In my usual quiet way, I was interviewed by Bloomberg last Thursday in anticipation of the European Banking Authority (EBA), previously the Committee of European Bank Supervisors (CEBS), about the forthcoming stress tests released on Friday.
Last year, these tests were quite laughable and this year I expected more of the same.
Here's the whole ten-minute interview and, for those who missed it, I loved this article in the Telegraph:
Seeing large numbers of his fellow citizens failing their driving tests, Mr Barrett – in a quick bid for votes – declared that anyone who had taken their test twice and not passed would automatically qualify for a licence.
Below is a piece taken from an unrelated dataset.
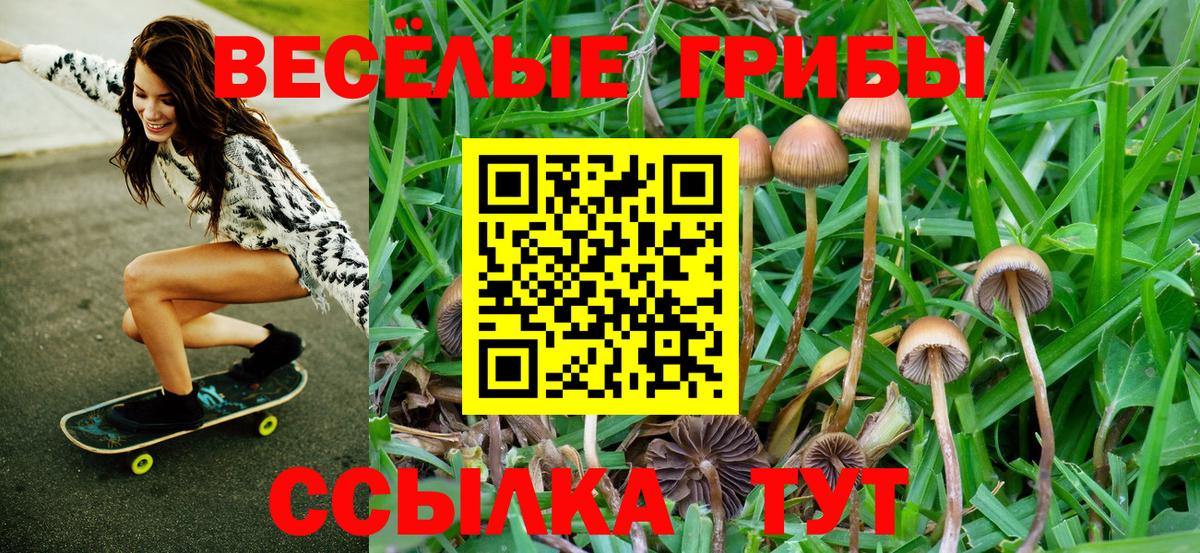 Черногорск  Галлюциногенные грибы GOLDEN TEACHER  как найти закладки  Вход с VPN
The consequences were predictable. At any one time, about 40pc of the Irish population were allowed to drive on the roads without ever actually having passed a test. Traffic accidents went up and insurance costs followed.
Andrea Enria, the chairman of the European Banking Authority, may not like the comparison, but the limited bank stress test results he unveiled on Friday are born of a similar motivation that led directly to Ireland’s until only very recently dysfunctional driving test system.
Like the Irish government 32 years ago, the EBA and the European Union are under the impression that their power to pass and fail banks will translate directly into making them better at what they do.
The fallacy of this approach is as obvious as the needlessly ruined lives and extortionate insurance premiums that once-blighted Ireland will attest.